== Records for this task
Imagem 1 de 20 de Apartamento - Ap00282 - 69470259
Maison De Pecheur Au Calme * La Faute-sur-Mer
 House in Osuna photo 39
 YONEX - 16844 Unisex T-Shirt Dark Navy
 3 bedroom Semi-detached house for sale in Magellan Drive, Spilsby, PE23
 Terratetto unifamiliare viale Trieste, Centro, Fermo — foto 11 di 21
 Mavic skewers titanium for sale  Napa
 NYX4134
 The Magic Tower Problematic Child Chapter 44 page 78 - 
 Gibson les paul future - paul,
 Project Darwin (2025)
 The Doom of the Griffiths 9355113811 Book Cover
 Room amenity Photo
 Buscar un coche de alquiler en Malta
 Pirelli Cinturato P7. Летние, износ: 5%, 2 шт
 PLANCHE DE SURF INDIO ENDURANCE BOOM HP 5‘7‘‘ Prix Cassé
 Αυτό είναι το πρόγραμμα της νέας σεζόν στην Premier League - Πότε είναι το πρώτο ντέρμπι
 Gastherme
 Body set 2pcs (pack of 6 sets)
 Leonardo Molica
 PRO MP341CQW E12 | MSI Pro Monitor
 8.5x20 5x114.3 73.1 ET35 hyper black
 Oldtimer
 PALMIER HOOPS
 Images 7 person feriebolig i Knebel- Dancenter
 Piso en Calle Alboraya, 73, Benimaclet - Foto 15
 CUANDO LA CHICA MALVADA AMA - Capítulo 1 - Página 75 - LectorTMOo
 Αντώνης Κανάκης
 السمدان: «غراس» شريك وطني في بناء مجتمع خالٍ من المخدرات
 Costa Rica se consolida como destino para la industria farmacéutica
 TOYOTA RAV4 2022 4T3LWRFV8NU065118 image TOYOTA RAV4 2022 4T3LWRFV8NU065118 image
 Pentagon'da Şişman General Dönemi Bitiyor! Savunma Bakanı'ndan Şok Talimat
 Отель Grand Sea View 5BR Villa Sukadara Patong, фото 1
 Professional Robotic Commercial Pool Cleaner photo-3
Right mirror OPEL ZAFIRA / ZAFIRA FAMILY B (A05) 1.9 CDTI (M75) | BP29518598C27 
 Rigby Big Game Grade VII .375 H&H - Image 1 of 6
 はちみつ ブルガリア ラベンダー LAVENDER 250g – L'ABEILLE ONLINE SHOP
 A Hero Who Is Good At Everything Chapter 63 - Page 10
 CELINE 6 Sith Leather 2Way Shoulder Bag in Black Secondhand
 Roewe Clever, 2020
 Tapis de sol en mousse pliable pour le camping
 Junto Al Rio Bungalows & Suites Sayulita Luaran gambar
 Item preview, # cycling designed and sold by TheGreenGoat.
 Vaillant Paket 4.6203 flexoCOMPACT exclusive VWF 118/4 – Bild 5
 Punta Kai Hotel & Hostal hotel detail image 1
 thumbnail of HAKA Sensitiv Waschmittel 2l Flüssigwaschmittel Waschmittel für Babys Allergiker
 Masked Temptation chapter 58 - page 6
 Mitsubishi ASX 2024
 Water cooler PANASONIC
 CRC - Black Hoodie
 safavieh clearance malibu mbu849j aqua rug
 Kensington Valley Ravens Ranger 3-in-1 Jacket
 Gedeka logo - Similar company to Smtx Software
====
** Aim of the task **
An exact repetition of the material above is required, from its first line through the line holding "Professional Robotic Commercial", with nothing added.

** Solution to this problem **
Imagem 1 de 20 de Apartamento - Ap00282 - 69470259
Maison De Pecheur Au Calme * La Faute-sur-Mer
 House in Osuna photo 39
 YONEX - 16844 Unisex T-Shirt Dark Navy
 3 bedroom Semi-detached house for sale in Magellan Drive, Spilsby, PE23
 Terratetto unifamiliare viale Trieste, Centro, Fermo — foto 11 di 21
 Mavic skewers titanium for sale  Napa
 NYX4134
 The Magic Tower Problematic Child Chapter 44 page 78 - 
 Gibson les paul future - paul,
 Project Darwin (2025)
 The Doom of the Griffiths 9355113811 Book Cover
 Room amenity Photo
 Buscar un coche de alquiler en Malta
 Pirelli Cinturato P7. Летние, износ: 5%, 2 шт
 PLANCHE DE SURF INDIO ENDURANCE BOOM HP 5‘7‘‘ Prix Cassé
 Αυτό είναι το πρόγραμμα της νέας σεζόν στην Premier League - Πότε είναι το πρώτο ντέρμπι
 Gastherme
 Body set 2pcs (pack of 6 sets)
 Leonardo Molica
 PRO MP341CQW E12 | MSI Pro Monitor
 8.5x20 5x114.3 73.1 ET35 hyper black
 Oldtimer
 PALMIER HOOPS
 Images 7 person feriebolig i Knebel- Dancenter
 Piso en Calle Alboraya, 73, Benimaclet - Foto 15
 CUANDO LA CHICA MALVADA AMA - Capítulo 1 - Página 75 - LectorTMOo
 Αντώνης Κανάκης
 السمدان: «غراس» شريك وطني في بناء مجتمع خالٍ من المخدرات
 Costa Rica se consolida como destino para la industria farmacéutica
 TOYOTA RAV4 2022 4T3LWRFV8NU065118 image TOYOTA RAV4 2022 4T3LWRFV8NU065118 image
 Pentagon'da Şişman General Dönemi Bitiyor! Savunma Bakanı'ndan Şok Talimat
 Отель Grand Sea View 5BR Villa Sukadara Patong, фото 1
 Professional Robotic Commercial Pool Cleaner photo-3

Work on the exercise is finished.